General-use scripts#

File Processing, handling HPC runs, etc#

cleanHiM_run.py#

Cleans the directories and log files created by pyHiM in previous runs.

Usage: clean_him_run [-F ROOTFOLDER] [-P PARAMETERS] [-A ALL]

optional arguments:
  -F ROOTFOLDER, --rootFolder ROOTFOLDER
                        Folder where the analysis has been performed
  -P PARAMETERS, --fileParameters PARAMETERS
                        Parameters file. Default: parameters.json
  -A ALL, --all ALL
                        Delete all folders and all created files

lndir.py#

Creates link for files in a second directory (useful to analyze data in a new folder without copying raw data files).

Usage: lndir "/user_home/Repositories/pyHiM/\*py" ~/Downloads/test

Use quotation marks in the first argument if using wildcards.

zipHiM_run.py#

Zip all output files from a pyHiM run. It excludes .npy and .tif files. Useful to retrieve results from a run from an HPC cluster.

Usage: zip_him_run [-F ROOTFOLDER] [-P PARAMETERS] [-R RECURSIVE]

optional arguments:
  -F ROOTFOLDER, --rootFolder ROOTFOLDER
                        Folder where the analysis has been performed
  -P PARAMETERS, --fileParameters PARAMETERS
                        Parameters file. Default: parameters.json
  -R RECURSIVE, --recursive RECURSIVE
                        Zip files inside folders of current directory

unzipHiM_run.py#

Unzips HiM_run.tar.gz recursively. Useful to unzip the results from several folders retrieved from a run in an HPC cluster.

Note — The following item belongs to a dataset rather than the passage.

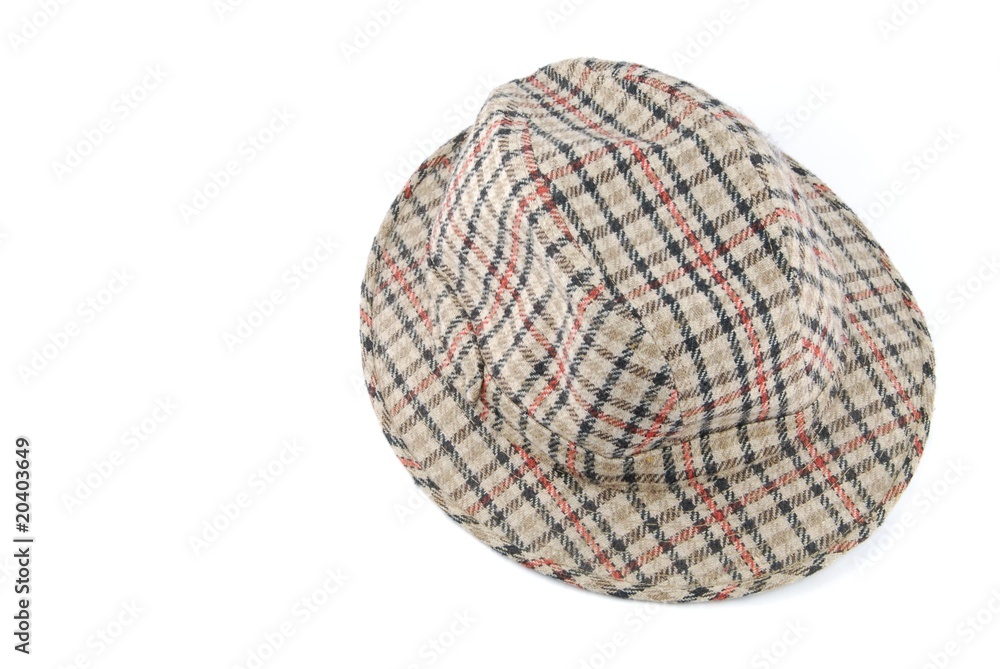 Fototapeta premium Checked brown hat on white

Usage: unzip_him_run [-F ROOTFOLDER] [-R RECURSIVE]

optional arguments:
  -F ROOTFOLDER, --rootFolder ROOTFOLDER
                        Folder where the HiM_run.tar.gz is located
  -R RECURSIVE, --recursive RECURSIVE
                        Unzip files inside folders of current directory

runHiM_cluster.py#

Launches pyHiM on a cluster using slurm srun.

Usage: run_him_cluster

Plotting scripts#

figureHiMmatrix.py#

Produces and plots a HiM matrix for a given dataset.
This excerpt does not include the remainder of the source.